En tête , il convient de saluer le vétéran et inénarrable Michel Trempont en Vice-Roi, même si, pour la circonstance, il a sa partition sous les yeux. Mais le rôle est difficile et le personnage ne quitte jamais la scène, puisqu’il est cloué dans un fauteuil par une crise de goutte. Chez ce chanteur, on admirera comme toujours l’extraordinaire diction (on ne perd pas une virgule) la remarquable projection de la voix et une capacité infinie à camper un personnage attachant et drôle.
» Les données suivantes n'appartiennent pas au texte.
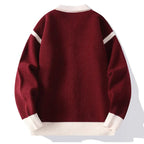 Contrast Trim Varsity Knit Cardigan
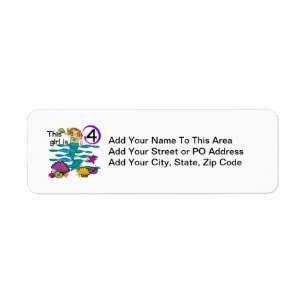 Mermaid 4th Birthday Tshirts and Gifts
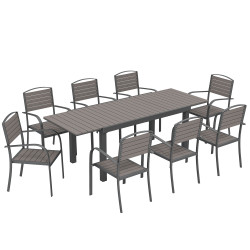 Conjunto de mesa e cadeiras de jardim com mesa extensível estrutura de alumínio 8 cadeiras e tampo de ripas de madeira plástica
Même remarque pour la prestation de Thomas Morris, lui aussi remarquable diseur et excellent comédien, cauteleux à souhait et jouant à la perfection les deux rôles de Martinez et du Licencié, écrits dans une tessiture de ténor assez périlleuse et dont il s’acquitte avec panache.

Avouons-le, la déception vient de l’unique rôle féminin de la distribution, celui de Camille Périchole. Certes, Stéphanie Loris a de l’abattage, de la personnalité, de la présence, et possède de surcroît un physique agréable. Certes, la voix est précise et bien projetée, mais le timbre est cependant assez quelconque, et le médium manque de moelleux. Bien sûr, Périchole est quelque part une peste, mais pourquoi ses aigus doivent-ils être aussi stridents, voire perçants comme des vrilles ?

C’est d’autant plus regrettable que ses partenaires ont, dans l’ensemble, des voix plutôt agréables et bien menées - n’oublions pas l’Evêque de Lima de Jérôme Varnier - et ce, même si le Balthasar de Maxime Cohen fait entendre à plusieurs reprises des défauts d’intonation.

Plus encore que dans la première partie, l’orchestre, fermement mené par Olivier Holt, fait merveille par son allant, sa joie de vivre et une constante attention aux chanteurs.

En conclusion, malgré quelques réserves, on peut remercier l’équipe de programmation de l’Opéra –Comique pour cette soirée fort agréable, qui nous a offert l’opportunité de découvrir cette œuvre pleine de charme et d’esprit, qu’on aimerait réentendre bientôt.